Brief descriptive captions
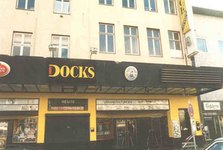 Docks Diskothek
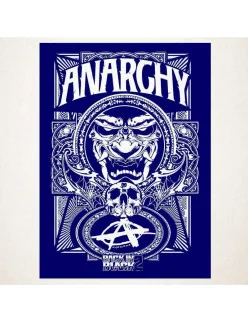 Anarchy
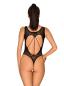 Preview: Teddy B127 schwarz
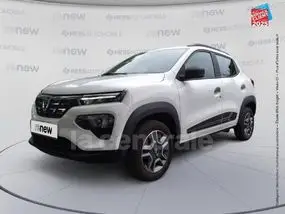 dacia-spring-2020-auto-25233-km-électrique-1
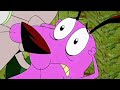 Courage The Cowardly Dog Show In Hindi Episode 1 Of Season 1 Part 1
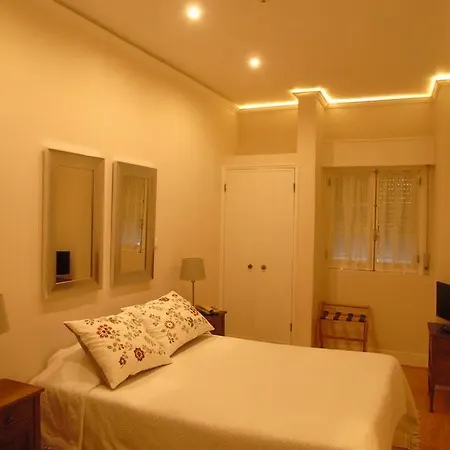 Uniao - トマール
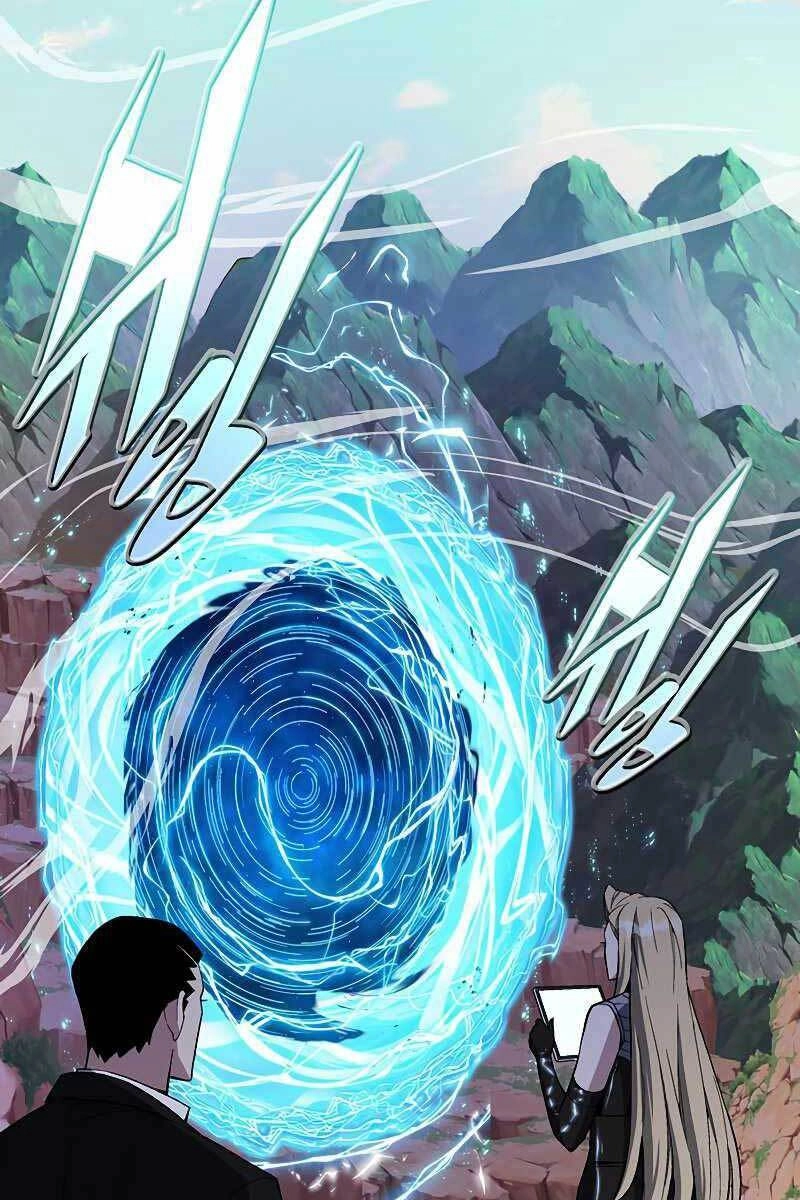 Thiên Ma Quân Sư Chapter 67 - 114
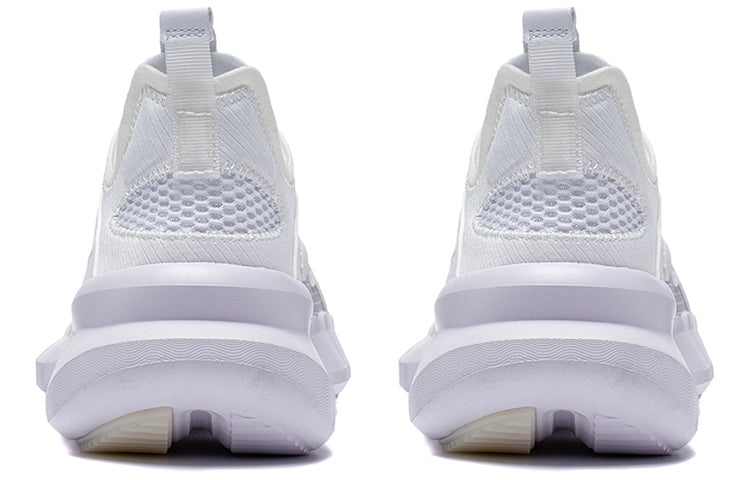Li-Ning Way Of Wade Essence 2.3 Lite 'White' ABCT049-1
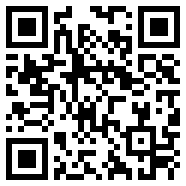 read修复工具下载新手攻略安卓破解Web3.0版极速版2023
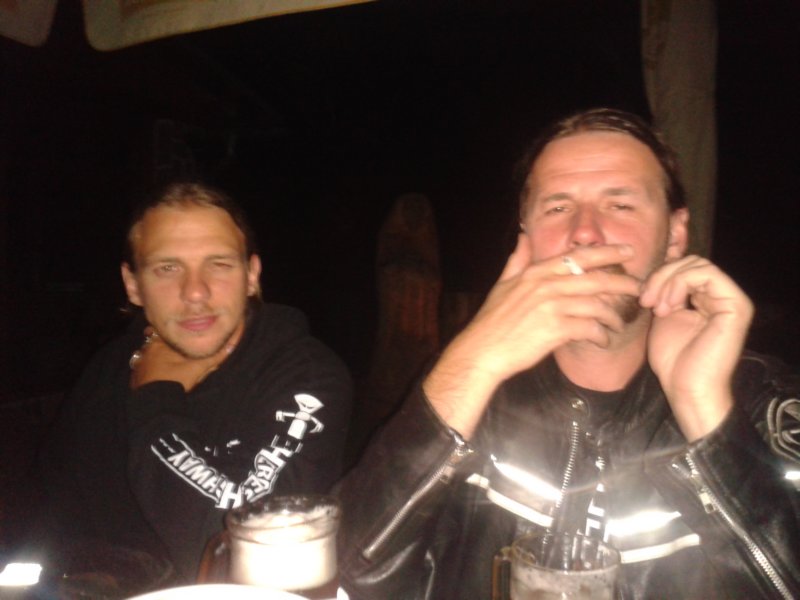 photo32.jpg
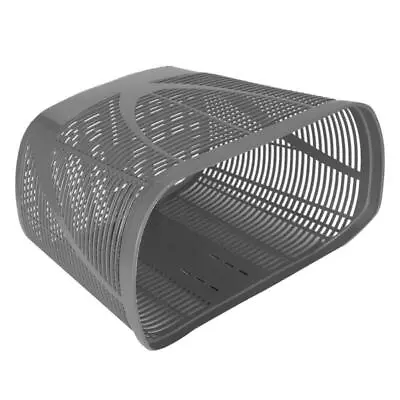 Mobility Scooter Front Basket For Victory GoGo Sport Pursuit • $16.58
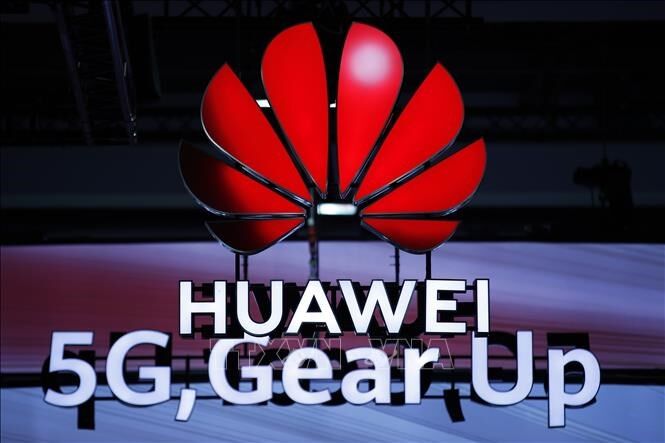 Indosat và Huawei sẽ xây mạng SRv6 đầu tiên ở châu Á- Thái Bình Dương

### [WHAT IS EXPECTED]
All of the data should come back exactly as written, but without pictures.

### [RESULT OF THIS TASK]
 Docks Diskothek
 Anarchy
 Preview: Teddy B127 schwarz
 dacia-spring-2020-auto-25233-km-électrique-1
 Courage The Cowardly Dog Show In Hindi Episode 1 Of Season 1 Part 1
 Uniao - トマール
 Thiên Ma Quân Sư Chapter 67 - 114
Li-Ning Way Of Wade Essence 2.3 Lite 'White' ABCT049-1
 read修复工具下载新手攻略安卓破解Web3.0版极速版2023
 photo32.jpg
 Mobility Scooter Front Basket For Victory GoGo Sport Pursuit • $16.58
 Indosat và Huawei sẽ xây mạng SRv6 đầu tiên ở châu Á- Thái Bình Dương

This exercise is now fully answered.